Cinnamon strudel babkas
- September 2017
- Makes 12
- Hands-on 50 mins, cook time 30 minutes, plus 2 hours proving
These individual cinnamon-swirled babkas, from Baking School: The Bread Ahead Cookbook, are a tear-into-them-while-warm triumph. Serve them alongside strong coffee for a delightful breakfast treat.
- 450g strong white bread flour, plus extra for dusting
- 4g fine sea salt
- 10g caster sugar
- 5g ground nutmeg
- 280g milk
- 50g butter
- 8g fresh yeast
For the filling
- 30g ground cinnamon
- 75g caster sugar
- 75g soft dark brown sugar
- 150g butter
- 1 egg, beaten, for the eggwash
For the strudel topping
- 75g flour
- 75g sugar
- 15g demerara sugar
- 45g butter
- A pinch of fine sea salt
- Raspberry jam
You will also need
- A water spray
- Put the flour, salt, sugar and nutmeg for the dough into a bowl and combine, just enough for them to get to know each other. Make a well in the centre of the flour.
- Measure the milk and butter into a small saucepan and heat until the butter starts to soften (important: do not let the temperature go above 30°C). Remove from the heat, add the yeast, and mix until dissolved. Pour the liquid into the well in the flour, and with one hand gently bring the dough together. Once it starts coming together, take it out of the bowl and place it on your work surface.
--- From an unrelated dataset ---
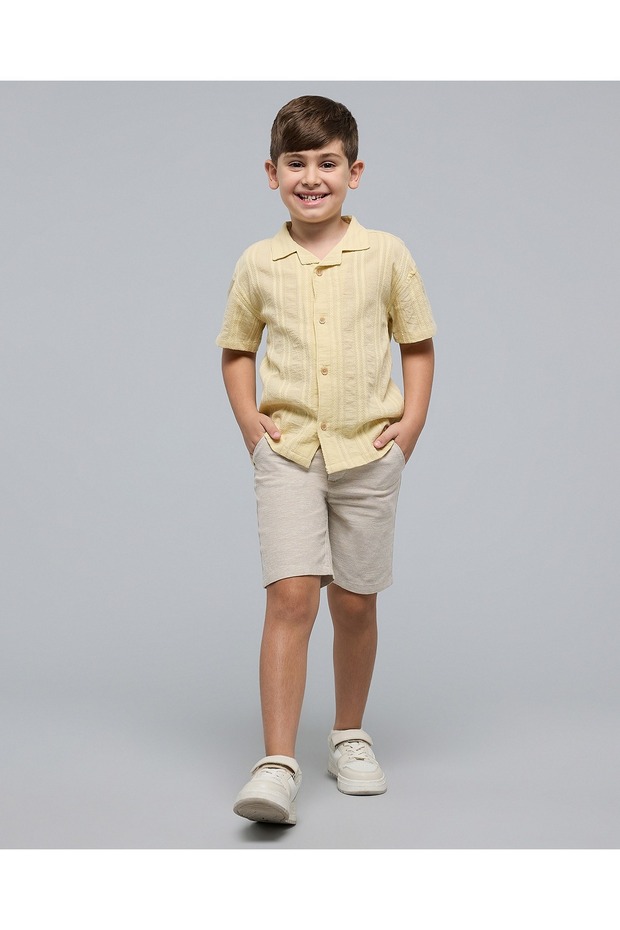 شورت بيج سادة للأولاد مع إغلاق بأزرار - 2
Don’t add any flour.
- Now, with the heel of your hand push the dough into the work surface and ‘stretch and tear’ (see know-how below) for 8 minutes. Your dough will become nice and elasticated and have a velvety feel. Put it back into the bowl, then cover and leave at room temperature for 1 hour.
- To make the filling, mix the cinnamon and sugars together in a small bowl, then mix in the butter until combined.
- Roll out the dough on a lightly floured surface to form a rectangle about 40cm x 30cm. Spread the filling evenly over the dough, leaving a small strip clear of filling along one of the long edges (this strip will be used to seal the dough once it’s rolled), then brush the clear strip with the eggwash.
- Roll up the dough lengthways, gently pressing the filling-free edge into the dough to seal it.
- Line a baking tray with baking paper, then cut the roll into 12 pieces and place them cut side up on the tray. Gently open each babka up with your fingers, then leave to rise at room temperature for 1 hour, until risen and touching each other.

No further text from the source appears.